=== Begin Enclosure ===

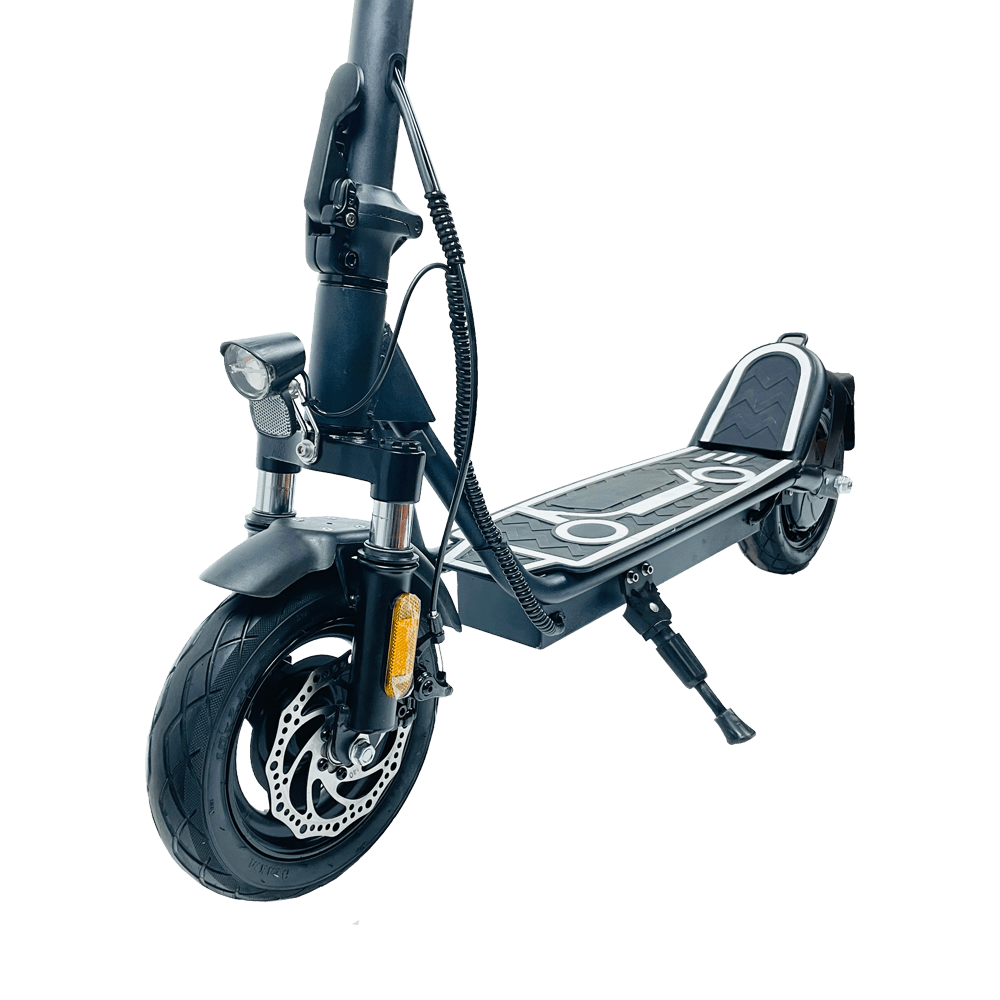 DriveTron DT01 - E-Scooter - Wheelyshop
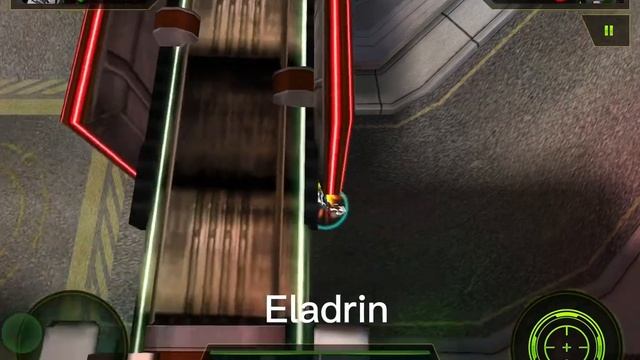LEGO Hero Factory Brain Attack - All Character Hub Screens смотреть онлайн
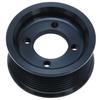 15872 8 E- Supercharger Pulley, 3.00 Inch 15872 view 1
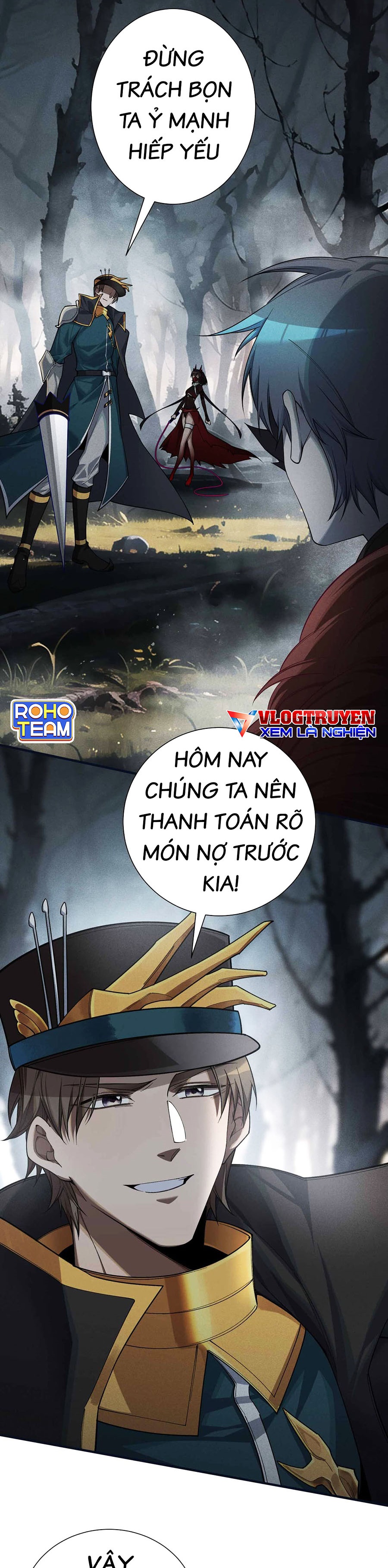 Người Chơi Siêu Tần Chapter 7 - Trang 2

=== End Enclosure ===
=== Begin Enclosure ===

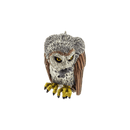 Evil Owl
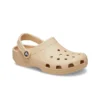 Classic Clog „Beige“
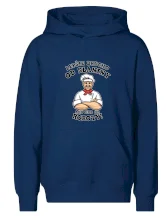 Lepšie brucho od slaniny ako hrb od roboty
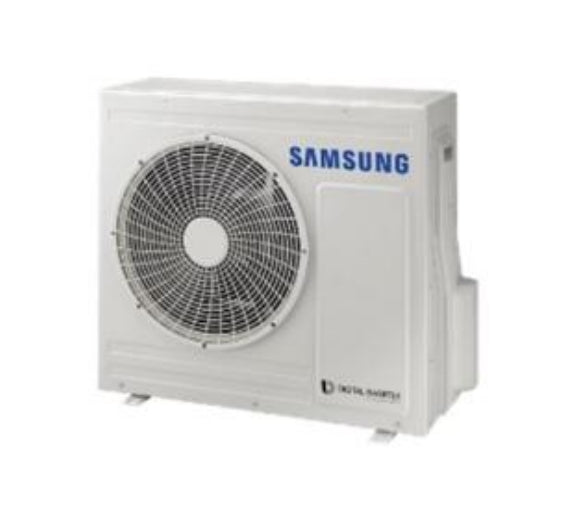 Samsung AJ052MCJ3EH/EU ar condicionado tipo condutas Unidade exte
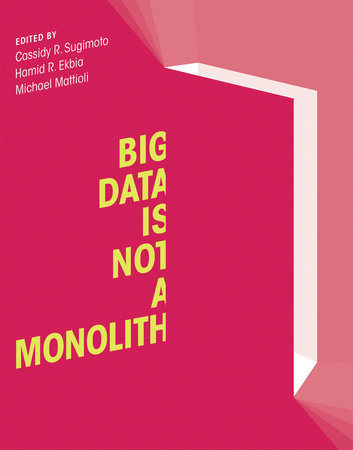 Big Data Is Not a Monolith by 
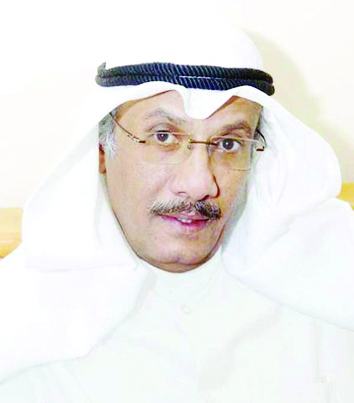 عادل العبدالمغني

=== End Enclosure ===

> _WORK INSTRUCTION_: Above are the records; copy exactly the lines from the one with "Samsung AJ052MCJ3EH/EU ar" through the one with "عادل العبدالمغني", including both, and nothing more. Leave out pictures.

> _RESULT OF THE TASK_:
 Samsung AJ052MCJ3EH/EU ar condicionado tipo condutas Unidade exte
 Big Data Is Not a Monolith by 
 عادل العبدالمغني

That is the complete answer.